When found, it is usually as a consequence of poor circumcision skills, auto mutilation/castration or genital injuries caused by attacks or accidents. Male circumcision on its own is widely regarded as a rather safe and acceptable practice which is known to have some health benefits and in keeping with several religious customs as rite of passage. Outside of professional performed circumcision, MGM is usually associated with dark arts and malicious intentions like witchcraft or as a consequence of torture of prisoners of war for information.
Case presentation
In this case we describe a 5-year old Ugandan boy who had his genitals mutilated in bizarre circ*mstances within a ritual attack. He survived and a urethrostomy was fashioned.
Conclusion
There is need to document more of these cases in order to gather enough information to inform prevention and treatment strategies. Issues of hormonal replacement therapy (HRT) and possible sex change require much debate. These genital sex changing operations should preferably be avoided until a child can fully participate in decision making.
Keywords: Male genital mutilation, Urethrostomy
Background
Genital losses from ritual attacks are often reported in the media and often discussed in the social media but are hardly reported in medical literature[1]. MGM refers to permanent or temporary modification of the external genitalia that involves partial or total ablation of genital tissues or other injury to the male genital organs[2].

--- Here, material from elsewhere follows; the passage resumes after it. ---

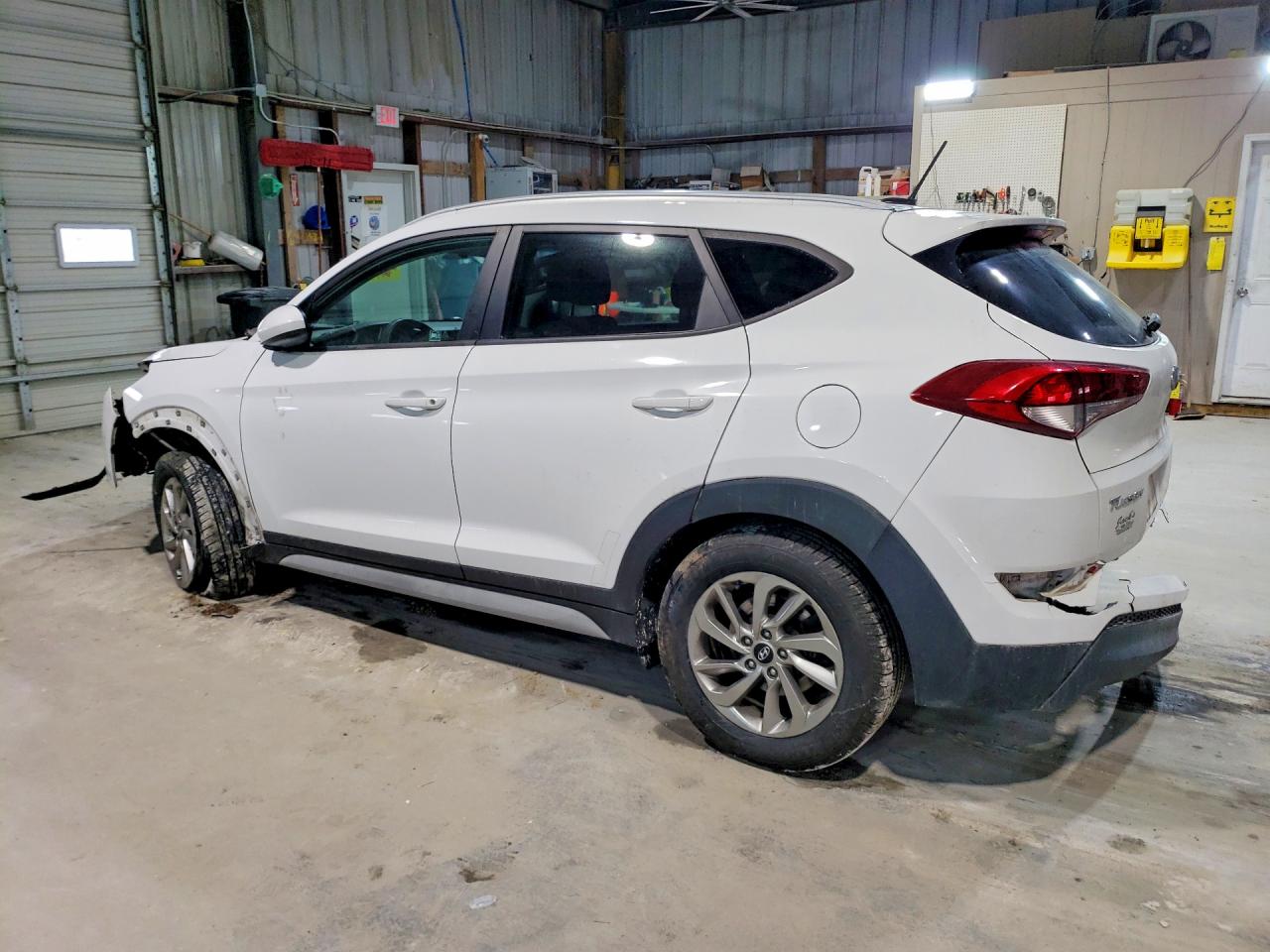 2017 HYUNDAI TUCSON SE photo 2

When found, it is usually as a consequence of poor circumcision skills, auto mutilation/castration or genital injuries caused by ritual attacks or accidents[3]. Male circumcision on its own is widely regarded as a rather safe and acceptable practice with some health benefits and in keeping with several religious customs as rite of passage. Outside of professionally performed circumcision, MGM is usually associated with dark arts and malicious intentions like witchcraft or as a consequence of torture of prisoners of war for information[4].
In this case we describe a 5-year old Ugandan boy who had his genitals mutilated in bizarre circ*mstances withina ritual attack. He survived and a urethrostomy was fashioned.
Case presentation
History
A five-year-old male was found abandoned by the roadside with hours after his genitalia was crudely severed off, he was bleeding and had herbs strapped onto the perineum.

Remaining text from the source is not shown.